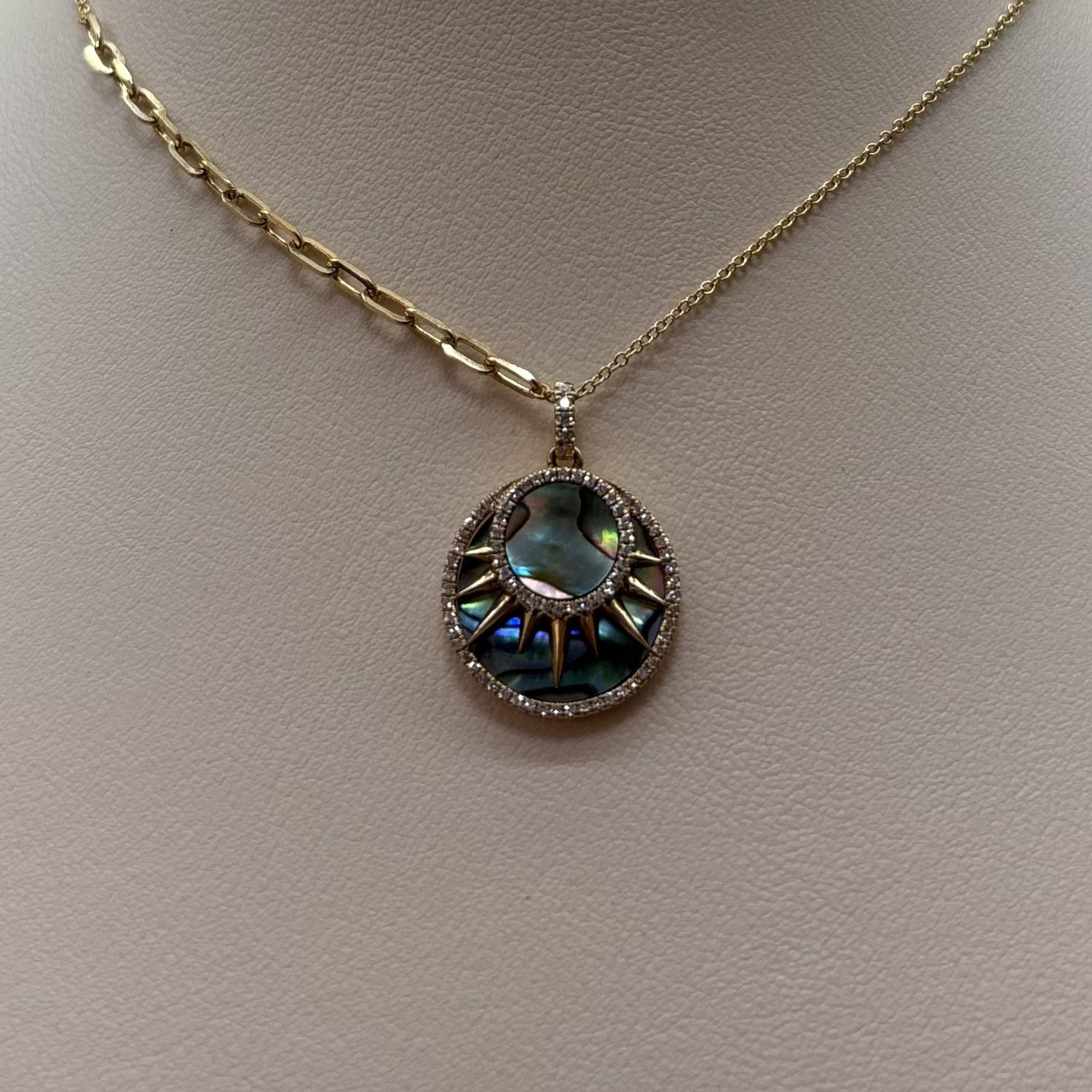 14KY Abalone Diamond Necklace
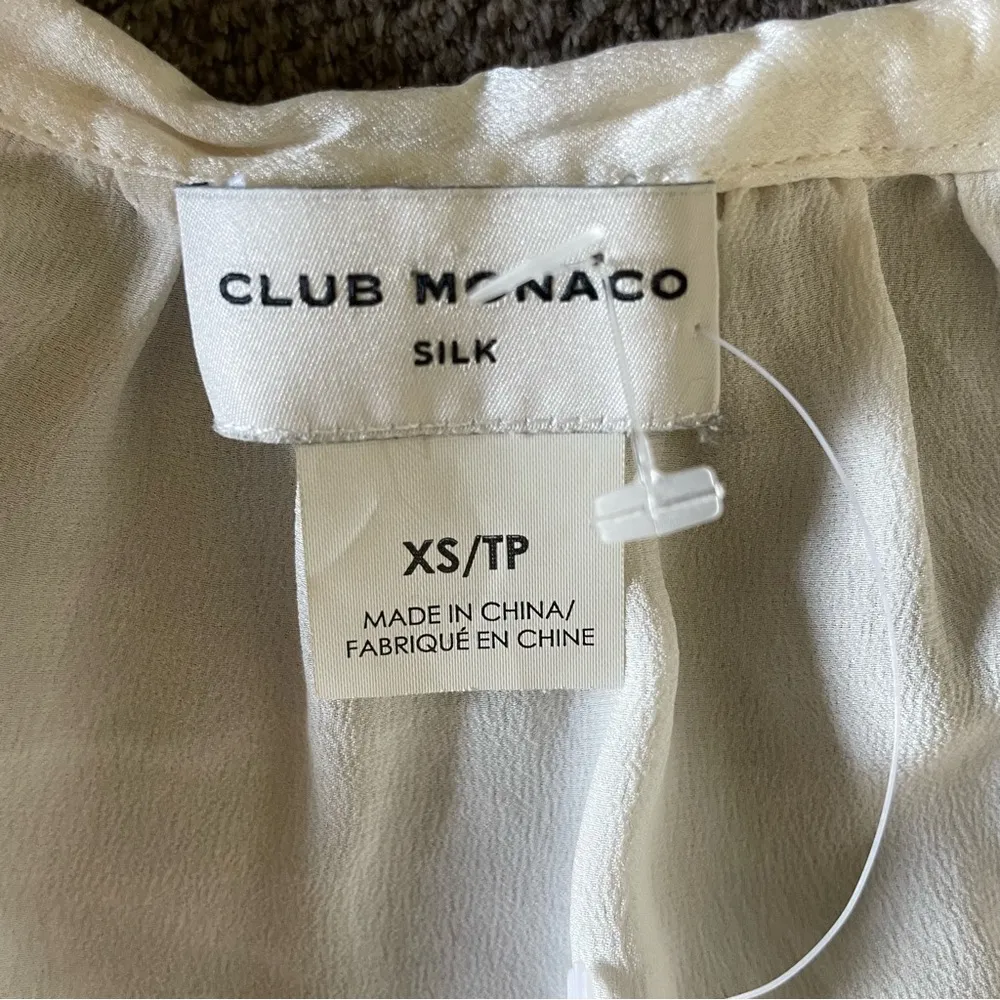 Club Monaco White Ivory Silk Long Sleeve Keyhole Choker Blouse XS - Image 7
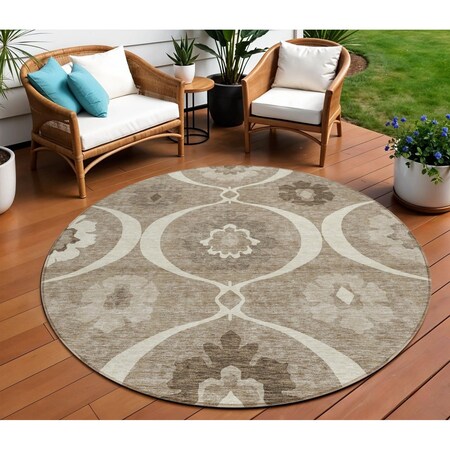 Homeroots 8' Taupe Brown And Ivory Round Medallion Washable Indoor Outdoor Area Rug 589652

***

§ INSTRUCTIONS FOR THE TASK: Once the pictures are set aside, retype the rest of the listing exactly.

§ YOUR SOLUTION:
 14KY Abalone Diamond Necklace
 Club Monaco White Ivory Silk Long Sleeve Keyhole Choker Blouse XS - Image 7
 Homeroots 8' Taupe Brown And Ivory Round Medallion Washable Indoor Outdoor Area Rug 589652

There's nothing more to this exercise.